> **THE RECORDS**
☆ ☆ ☆ ☆
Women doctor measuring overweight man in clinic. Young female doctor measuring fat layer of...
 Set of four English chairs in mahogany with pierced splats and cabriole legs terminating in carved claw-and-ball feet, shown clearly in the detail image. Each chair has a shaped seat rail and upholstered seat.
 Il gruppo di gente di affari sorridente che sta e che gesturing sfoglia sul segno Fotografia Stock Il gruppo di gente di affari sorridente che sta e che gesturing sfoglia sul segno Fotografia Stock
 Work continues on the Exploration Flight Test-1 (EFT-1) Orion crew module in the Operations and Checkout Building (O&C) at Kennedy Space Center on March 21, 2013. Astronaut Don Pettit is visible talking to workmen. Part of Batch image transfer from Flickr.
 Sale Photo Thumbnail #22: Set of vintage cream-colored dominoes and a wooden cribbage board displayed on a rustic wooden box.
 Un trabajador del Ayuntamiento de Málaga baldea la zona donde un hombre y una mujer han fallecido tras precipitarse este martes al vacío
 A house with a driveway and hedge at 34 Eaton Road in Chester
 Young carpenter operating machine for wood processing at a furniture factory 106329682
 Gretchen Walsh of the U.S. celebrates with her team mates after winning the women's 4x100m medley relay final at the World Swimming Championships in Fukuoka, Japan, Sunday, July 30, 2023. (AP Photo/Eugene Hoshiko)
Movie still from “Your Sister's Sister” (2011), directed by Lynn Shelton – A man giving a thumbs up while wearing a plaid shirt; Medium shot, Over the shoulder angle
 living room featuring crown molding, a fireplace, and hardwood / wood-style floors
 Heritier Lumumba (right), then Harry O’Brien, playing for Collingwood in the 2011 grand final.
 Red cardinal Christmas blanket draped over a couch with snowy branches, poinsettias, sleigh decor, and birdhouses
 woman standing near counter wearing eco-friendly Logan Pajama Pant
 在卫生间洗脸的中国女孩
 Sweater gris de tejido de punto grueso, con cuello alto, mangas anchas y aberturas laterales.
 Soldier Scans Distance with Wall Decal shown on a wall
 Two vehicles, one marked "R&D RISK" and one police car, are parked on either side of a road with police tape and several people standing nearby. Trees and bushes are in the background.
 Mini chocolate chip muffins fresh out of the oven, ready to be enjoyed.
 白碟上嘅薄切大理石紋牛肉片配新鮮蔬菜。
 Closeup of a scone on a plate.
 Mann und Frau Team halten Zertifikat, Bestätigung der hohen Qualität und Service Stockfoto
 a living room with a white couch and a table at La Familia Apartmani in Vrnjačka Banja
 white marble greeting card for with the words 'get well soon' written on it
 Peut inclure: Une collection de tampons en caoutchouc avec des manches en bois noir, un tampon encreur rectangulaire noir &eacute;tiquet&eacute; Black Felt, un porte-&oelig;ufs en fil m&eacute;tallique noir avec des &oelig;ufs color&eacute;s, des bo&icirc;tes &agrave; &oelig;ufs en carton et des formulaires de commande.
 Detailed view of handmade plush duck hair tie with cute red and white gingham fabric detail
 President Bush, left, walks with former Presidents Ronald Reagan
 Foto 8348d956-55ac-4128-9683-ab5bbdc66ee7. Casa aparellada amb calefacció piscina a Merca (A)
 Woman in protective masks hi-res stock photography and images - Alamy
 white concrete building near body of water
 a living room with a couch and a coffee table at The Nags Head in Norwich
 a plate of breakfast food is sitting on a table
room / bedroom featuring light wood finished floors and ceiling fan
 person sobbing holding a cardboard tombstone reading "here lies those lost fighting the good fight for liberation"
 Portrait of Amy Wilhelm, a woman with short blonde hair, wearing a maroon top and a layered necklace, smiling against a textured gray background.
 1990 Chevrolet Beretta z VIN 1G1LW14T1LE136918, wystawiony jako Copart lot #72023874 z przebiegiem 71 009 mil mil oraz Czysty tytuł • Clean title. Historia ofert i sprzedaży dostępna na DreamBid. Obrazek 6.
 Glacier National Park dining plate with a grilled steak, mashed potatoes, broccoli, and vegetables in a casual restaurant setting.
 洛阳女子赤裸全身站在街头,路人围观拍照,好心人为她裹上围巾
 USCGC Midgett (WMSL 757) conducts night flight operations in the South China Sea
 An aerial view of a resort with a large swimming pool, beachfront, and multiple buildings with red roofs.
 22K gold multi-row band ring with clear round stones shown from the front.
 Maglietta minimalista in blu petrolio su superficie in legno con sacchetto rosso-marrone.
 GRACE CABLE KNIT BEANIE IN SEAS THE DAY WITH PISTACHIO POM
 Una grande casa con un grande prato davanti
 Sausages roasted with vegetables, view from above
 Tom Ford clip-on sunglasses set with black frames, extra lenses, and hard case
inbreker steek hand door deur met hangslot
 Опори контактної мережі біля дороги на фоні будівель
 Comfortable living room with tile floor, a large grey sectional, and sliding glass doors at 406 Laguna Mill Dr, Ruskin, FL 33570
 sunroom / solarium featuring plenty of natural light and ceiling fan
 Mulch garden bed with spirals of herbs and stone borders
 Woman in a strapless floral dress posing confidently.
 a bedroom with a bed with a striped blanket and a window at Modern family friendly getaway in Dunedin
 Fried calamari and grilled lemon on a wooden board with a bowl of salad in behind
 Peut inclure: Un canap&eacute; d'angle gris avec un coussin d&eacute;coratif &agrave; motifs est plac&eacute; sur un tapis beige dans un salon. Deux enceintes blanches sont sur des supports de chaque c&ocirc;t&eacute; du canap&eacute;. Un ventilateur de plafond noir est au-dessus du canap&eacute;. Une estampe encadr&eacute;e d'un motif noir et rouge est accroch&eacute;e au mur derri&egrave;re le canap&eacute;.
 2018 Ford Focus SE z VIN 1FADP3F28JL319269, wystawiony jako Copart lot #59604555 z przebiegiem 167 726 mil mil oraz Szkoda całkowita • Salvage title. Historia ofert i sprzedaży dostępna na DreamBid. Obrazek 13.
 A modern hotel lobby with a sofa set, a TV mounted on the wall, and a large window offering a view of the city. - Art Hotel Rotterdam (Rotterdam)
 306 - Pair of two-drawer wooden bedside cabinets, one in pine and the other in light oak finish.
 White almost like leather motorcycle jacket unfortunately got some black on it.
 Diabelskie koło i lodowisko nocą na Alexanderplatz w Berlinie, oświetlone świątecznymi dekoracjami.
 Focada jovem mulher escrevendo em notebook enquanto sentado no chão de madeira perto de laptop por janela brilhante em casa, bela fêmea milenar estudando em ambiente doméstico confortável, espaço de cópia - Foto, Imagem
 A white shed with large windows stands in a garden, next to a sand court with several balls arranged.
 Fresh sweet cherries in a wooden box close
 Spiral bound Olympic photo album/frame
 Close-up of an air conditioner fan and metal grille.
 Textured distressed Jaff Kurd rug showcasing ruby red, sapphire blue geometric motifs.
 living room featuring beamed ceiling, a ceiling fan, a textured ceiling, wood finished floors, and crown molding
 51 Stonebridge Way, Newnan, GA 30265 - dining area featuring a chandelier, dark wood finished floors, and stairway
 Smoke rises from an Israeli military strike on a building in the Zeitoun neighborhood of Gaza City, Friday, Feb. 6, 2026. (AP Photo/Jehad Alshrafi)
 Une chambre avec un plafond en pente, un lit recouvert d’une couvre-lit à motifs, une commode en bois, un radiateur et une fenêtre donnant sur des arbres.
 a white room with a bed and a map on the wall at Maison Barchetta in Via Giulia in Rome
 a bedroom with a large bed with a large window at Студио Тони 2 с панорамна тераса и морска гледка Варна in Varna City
☆ ☆ ☆ ☆
> **WORK INSTRUCTIONS**
Each line above is to be set down again verbatim.

> **ANSWER BELOW**
Women doctor measuring overweight man in clinic. Young female doctor measuring fat layer of...
 Set of four English chairs in mahogany with pierced splats and cabriole legs terminating in carved claw-and-ball feet, shown clearly in the detail image. Each chair has a shaped seat rail and upholstered seat.
 Il gruppo di gente di affari sorridente che sta e che gesturing sfoglia sul segno Fotografia Stock Il gruppo di gente di affari sorridente che sta e che gesturing sfoglia sul segno Fotografia Stock
 Work continues on the Exploration Flight Test-1 (EFT-1) Orion crew module in the Operations and Checkout Building (O&C) at Kennedy Space Center on March 21, 2013. Astronaut Don Pettit is visible talking to workmen. Part of Batch image transfer from Flickr.
 Sale Photo Thumbnail #22: Set of vintage cream-colored dominoes and a wooden cribbage board displayed on a rustic wooden box.
 Un trabajador del Ayuntamiento de Málaga baldea la zona donde un hombre y una mujer han fallecido tras precipitarse este martes al vacío
 A house with a driveway and hedge at 34 Eaton Road in Chester
 Young carpenter operating machine for wood processing at a furniture factory 106329682
 Gretchen Walsh of the U.S. celebrates with her team mates after winning the women's 4x100m medley relay final at the World Swimming Championships in Fukuoka, Japan, Sunday, July 30, 2023. (AP Photo/Eugene Hoshiko)
Movie still from “Your Sister's Sister” (2011), directed by Lynn Shelton – A man giving a thumbs up while wearing a plaid shirt; Medium shot, Over the shoulder angle
 living room featuring crown molding, a fireplace, and hardwood / wood-style floors
 Heritier Lumumba (right), then Harry O’Brien, playing for Collingwood in the 2011 grand final.
 Red cardinal Christmas blanket draped over a couch with snowy branches, poinsettias, sleigh decor, and birdhouses
 woman standing near counter wearing eco-friendly Logan Pajama Pant
 在卫生间洗脸的中国女孩
 Sweater gris de tejido de punto grueso, con cuello alto, mangas anchas y aberturas laterales.
 Soldier Scans Distance with Wall Decal shown on a wall
 Two vehicles, one marked "R&D RISK" and one police car, are parked on either side of a road with police tape and several people standing nearby. Trees and bushes are in the background.
 Mini chocolate chip muffins fresh out of the oven, ready to be enjoyed.
 白碟上嘅薄切大理石紋牛肉片配新鮮蔬菜。
 Closeup of a scone on a plate.
 Mann und Frau Team halten Zertifikat, Bestätigung der hohen Qualität und Service Stockfoto
 a living room with a white couch and a table at La Familia Apartmani in Vrnjačka Banja
 white marble greeting card for with the words 'get well soon' written on it
 Peut inclure: Une collection de tampons en caoutchouc avec des manches en bois noir, un tampon encreur rectangulaire noir &eacute;tiquet&eacute; Black Felt, un porte-&oelig;ufs en fil m&eacute;tallique noir avec des &oelig;ufs color&eacute;s, des bo&icirc;tes &agrave; &oelig;ufs en carton et des formulaires de commande.
 Detailed view of handmade plush duck hair tie with cute red and white gingham fabric detail
 President Bush, left, walks with former Presidents Ronald Reagan
 Foto 8348d956-55ac-4128-9683-ab5bbdc66ee7. Casa aparellada amb calefacció piscina a Merca (A)
 Woman in protective masks hi-res stock photography and images - Alamy
 white concrete building near body of water
 a living room with a couch and a coffee table at The Nags Head in Norwich
 a plate of breakfast food is sitting on a table
room / bedroom featuring light wood finished floors and ceiling fan
 person sobbing holding a cardboard tombstone reading "here lies those lost fighting the good fight for liberation"
 Portrait of Amy Wilhelm, a woman with short blonde hair, wearing a maroon top and a layered necklace, smiling against a textured gray background.
 1990 Chevrolet Beretta z VIN 1G1LW14T1LE136918, wystawiony jako Copart lot #72023874 z przebiegiem 71 009 mil mil oraz Czysty tytuł • Clean title. Historia ofert i sprzedaży dostępna na DreamBid. Obrazek 6.
 Glacier National Park dining plate with a grilled steak, mashed potatoes, broccoli, and vegetables in a casual restaurant setting.
 洛阳女子赤裸全身站在街头,路人围观拍照,好心人为她裹上围巾
 USCGC Midgett (WMSL 757) conducts night flight operations in the South China Sea
 An aerial view of a resort with a large swimming pool, beachfront, and multiple buildings with red roofs.
 22K gold multi-row band ring with clear round stones shown from the front.
 Maglietta minimalista in blu petrolio su superficie in legno con sacchetto rosso-marrone.
 GRACE CABLE KNIT BEANIE IN SEAS THE DAY WITH PISTACHIO POM
 Una grande casa con un grande prato davanti
 Sausages roasted with vegetables, view from above
 Tom Ford clip-on sunglasses set with black frames, extra lenses, and hard case
inbreker steek hand door deur met hangslot
 Опори контактної мережі біля дороги на фоні будівель
 Comfortable living room with tile floor, a large grey sectional, and sliding glass doors at 406 Laguna Mill Dr, Ruskin, FL 33570
 sunroom / solarium featuring plenty of natural light and ceiling fan
 Mulch garden bed with spirals of herbs and stone borders
 Woman in a strapless floral dress posing confidently.
 a bedroom with a bed with a striped blanket and a window at Modern family friendly getaway in Dunedin
 Fried calamari and grilled lemon on a wooden board with a bowl of salad in behind
 Peut inclure: Un canap&eacute; d'angle gris avec un coussin d&eacute;coratif &agrave; motifs est plac&eacute; sur un tapis beige dans un salon. Deux enceintes blanches sont sur des supports de chaque c&ocirc;t&eacute; du canap&eacute;. Un ventilateur de plafond noir est au-dessus du canap&eacute;. Une estampe encadr&eacute;e d'un motif noir et rouge est accroch&eacute;e au mur derri&egrave;re le canap&eacute;.
 2018 Ford Focus SE z VIN 1FADP3F28JL319269, wystawiony jako Copart lot #59604555 z przebiegiem 167 726 mil mil oraz Szkoda całkowita • Salvage title. Historia ofert i sprzedaży dostępna na DreamBid. Obrazek 13.
 A modern hotel lobby with a sofa set, a TV mounted on the wall, and a large window offering a view of the city. - Art Hotel Rotterdam (Rotterdam)
 306 - Pair of two-drawer wooden bedside cabinets, one in pine and the other in light oak finish.
 White almost like leather motorcycle jacket unfortunately got some black on it.
 Diabelskie koło i lodowisko nocą na Alexanderplatz w Berlinie, oświetlone świątecznymi dekoracjami.
 Focada jovem mulher escrevendo em notebook enquanto sentado no chão de madeira perto de laptop por janela brilhante em casa, bela fêmea milenar estudando em ambiente doméstico confortável, espaço de cópia - Foto, Imagem
 A white shed with large windows stands in a garden, next to a sand court with several balls arranged.
 Fresh sweet cherries in a wooden box close
 Spiral bound Olympic photo album/frame
 Close-up of an air conditioner fan and metal grille.
 Textured distressed Jaff Kurd rug showcasing ruby red, sapphire blue geometric motifs.
 living room featuring beamed ceiling, a ceiling fan, a textured ceiling, wood finished floors, and crown molding
 51 Stonebridge Way, Newnan, GA 30265 - dining area featuring a chandelier, dark wood finished floors, and stairway
 Smoke rises from an Israeli military strike on a building in the Zeitoun neighborhood of Gaza City, Friday, Feb. 6, 2026. (AP Photo/Jehad Alshrafi)
 Une chambre avec un plafond en pente, un lit recouvert d’une couvre-lit à motifs, une commode en bois, un radiateur et une fenêtre donnant sur des arbres.
 a white room with a bed and a map on the wall at Maison Barchetta in Via Giulia in Rome
 a bedroom with a large bed with a large window at Студио Тони 2 с панорамна тераса и морска гледка Варна in Varna City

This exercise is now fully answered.